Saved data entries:
________
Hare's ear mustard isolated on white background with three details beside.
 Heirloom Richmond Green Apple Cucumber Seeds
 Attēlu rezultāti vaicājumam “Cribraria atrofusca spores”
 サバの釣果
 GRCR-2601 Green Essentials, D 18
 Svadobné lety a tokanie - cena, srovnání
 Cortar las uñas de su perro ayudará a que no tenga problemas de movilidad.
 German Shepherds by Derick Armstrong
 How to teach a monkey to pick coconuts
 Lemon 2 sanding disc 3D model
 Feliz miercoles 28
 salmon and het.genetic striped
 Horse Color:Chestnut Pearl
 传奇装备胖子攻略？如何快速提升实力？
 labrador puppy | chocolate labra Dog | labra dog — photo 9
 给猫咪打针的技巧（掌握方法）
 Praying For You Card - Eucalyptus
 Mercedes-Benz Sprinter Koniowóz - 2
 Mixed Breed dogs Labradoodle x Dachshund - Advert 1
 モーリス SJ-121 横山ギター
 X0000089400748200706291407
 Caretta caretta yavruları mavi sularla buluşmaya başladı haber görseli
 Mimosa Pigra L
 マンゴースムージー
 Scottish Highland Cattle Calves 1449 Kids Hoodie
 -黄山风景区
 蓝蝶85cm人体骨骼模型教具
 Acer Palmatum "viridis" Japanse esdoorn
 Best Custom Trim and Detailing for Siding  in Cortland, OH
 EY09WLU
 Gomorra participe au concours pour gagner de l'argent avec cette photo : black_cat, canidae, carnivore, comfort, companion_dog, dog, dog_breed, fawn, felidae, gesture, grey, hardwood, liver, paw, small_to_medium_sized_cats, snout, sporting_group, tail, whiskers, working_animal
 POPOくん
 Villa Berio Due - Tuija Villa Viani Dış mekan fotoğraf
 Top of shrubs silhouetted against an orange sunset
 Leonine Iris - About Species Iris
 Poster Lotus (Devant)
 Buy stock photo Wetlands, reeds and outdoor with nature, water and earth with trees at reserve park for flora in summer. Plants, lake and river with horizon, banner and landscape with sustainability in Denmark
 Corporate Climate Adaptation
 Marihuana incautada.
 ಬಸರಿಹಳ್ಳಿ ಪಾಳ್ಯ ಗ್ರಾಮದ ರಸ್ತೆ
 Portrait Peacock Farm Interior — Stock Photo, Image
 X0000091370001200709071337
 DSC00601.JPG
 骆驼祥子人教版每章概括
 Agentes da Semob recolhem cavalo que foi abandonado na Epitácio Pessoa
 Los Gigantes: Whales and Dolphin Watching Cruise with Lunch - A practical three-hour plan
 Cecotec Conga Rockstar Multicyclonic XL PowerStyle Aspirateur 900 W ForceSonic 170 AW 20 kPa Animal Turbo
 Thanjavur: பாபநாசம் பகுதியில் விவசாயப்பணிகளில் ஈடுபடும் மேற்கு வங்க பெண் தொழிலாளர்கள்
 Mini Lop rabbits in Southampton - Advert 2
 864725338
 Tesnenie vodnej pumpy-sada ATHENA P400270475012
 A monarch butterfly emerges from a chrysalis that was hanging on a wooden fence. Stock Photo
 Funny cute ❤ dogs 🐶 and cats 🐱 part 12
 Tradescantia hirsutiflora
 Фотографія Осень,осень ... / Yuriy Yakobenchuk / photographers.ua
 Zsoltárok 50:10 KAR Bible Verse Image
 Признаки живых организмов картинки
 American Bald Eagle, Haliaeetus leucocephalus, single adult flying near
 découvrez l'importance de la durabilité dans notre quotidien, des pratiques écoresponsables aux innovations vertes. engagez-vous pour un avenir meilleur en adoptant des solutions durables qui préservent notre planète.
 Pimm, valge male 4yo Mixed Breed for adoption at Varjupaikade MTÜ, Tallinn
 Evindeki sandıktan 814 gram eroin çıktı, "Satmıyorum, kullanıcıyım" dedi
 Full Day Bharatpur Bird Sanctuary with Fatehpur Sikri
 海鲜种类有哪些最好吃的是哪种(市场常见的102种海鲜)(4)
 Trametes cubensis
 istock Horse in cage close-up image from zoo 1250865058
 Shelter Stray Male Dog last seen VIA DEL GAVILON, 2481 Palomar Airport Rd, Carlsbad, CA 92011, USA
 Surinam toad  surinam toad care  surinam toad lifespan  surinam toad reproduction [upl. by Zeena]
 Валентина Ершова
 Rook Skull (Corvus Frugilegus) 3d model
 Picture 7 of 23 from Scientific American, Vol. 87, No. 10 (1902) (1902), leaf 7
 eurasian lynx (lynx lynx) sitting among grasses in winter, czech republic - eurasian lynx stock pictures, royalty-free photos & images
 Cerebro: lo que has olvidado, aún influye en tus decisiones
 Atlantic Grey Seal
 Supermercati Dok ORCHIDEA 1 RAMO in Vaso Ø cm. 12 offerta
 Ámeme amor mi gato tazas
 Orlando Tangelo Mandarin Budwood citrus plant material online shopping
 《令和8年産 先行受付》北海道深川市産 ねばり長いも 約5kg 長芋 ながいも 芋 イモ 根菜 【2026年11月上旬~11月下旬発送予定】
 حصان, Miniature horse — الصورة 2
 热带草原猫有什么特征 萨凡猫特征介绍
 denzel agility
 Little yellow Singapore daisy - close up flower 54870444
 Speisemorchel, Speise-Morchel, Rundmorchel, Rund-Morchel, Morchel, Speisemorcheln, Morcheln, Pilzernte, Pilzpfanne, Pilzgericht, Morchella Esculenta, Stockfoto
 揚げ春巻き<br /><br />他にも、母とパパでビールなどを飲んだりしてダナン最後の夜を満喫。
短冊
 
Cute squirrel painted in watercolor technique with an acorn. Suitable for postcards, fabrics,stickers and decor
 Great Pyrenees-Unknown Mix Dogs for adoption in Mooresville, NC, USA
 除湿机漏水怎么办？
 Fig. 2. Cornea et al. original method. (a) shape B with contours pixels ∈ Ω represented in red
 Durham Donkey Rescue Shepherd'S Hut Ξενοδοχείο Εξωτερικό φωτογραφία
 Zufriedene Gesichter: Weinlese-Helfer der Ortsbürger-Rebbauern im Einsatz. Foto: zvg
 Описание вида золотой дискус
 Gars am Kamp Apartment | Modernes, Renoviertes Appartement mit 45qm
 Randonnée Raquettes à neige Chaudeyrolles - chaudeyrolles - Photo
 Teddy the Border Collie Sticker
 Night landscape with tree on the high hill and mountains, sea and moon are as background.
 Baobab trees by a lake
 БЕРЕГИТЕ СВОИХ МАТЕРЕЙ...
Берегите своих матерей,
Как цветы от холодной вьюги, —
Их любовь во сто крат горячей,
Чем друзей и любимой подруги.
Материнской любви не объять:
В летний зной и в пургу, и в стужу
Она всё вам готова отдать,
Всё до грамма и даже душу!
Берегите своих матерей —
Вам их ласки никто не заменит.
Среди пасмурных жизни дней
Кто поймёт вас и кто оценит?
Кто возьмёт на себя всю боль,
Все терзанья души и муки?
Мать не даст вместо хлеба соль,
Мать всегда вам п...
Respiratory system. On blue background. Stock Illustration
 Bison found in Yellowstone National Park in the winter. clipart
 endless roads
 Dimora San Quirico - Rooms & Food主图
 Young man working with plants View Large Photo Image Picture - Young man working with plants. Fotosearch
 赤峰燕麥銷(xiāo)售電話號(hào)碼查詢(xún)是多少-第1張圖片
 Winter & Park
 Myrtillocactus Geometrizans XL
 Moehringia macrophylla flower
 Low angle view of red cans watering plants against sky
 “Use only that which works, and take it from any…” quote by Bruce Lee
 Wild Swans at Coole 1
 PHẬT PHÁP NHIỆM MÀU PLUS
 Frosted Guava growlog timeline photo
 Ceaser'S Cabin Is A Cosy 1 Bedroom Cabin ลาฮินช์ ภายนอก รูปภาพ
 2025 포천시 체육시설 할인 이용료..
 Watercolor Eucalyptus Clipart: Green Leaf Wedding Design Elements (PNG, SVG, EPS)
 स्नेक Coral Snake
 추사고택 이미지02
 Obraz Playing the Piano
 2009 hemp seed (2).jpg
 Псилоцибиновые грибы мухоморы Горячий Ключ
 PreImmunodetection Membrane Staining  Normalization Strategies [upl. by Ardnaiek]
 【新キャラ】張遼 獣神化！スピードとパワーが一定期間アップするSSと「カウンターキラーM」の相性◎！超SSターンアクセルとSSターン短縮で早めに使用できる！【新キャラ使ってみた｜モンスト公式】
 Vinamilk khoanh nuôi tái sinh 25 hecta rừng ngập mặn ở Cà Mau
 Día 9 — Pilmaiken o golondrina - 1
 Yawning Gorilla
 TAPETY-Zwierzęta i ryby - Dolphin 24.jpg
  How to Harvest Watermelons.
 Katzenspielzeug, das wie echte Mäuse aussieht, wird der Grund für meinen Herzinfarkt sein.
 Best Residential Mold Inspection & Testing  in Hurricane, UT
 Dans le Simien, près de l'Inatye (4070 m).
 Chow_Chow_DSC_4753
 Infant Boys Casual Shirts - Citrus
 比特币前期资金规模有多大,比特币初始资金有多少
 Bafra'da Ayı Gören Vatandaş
________
Task requirements:
Once the line containing "Svadobné lety a tokanie - cena, srovnání" has been written out, please stop; every line before it, back to the first line of the records above, should be given exactly.

Reply:
Hare's ear mustard isolated on white background with three details beside.
 Heirloom Richmond Green Apple Cucumber Seeds
 Attēlu rezultāti vaicājumam “Cribraria atrofusca spores”
 サバの釣果
 GRCR-2601 Green Essentials, D 18
 Svadobné lety a tokanie - cena, srovnání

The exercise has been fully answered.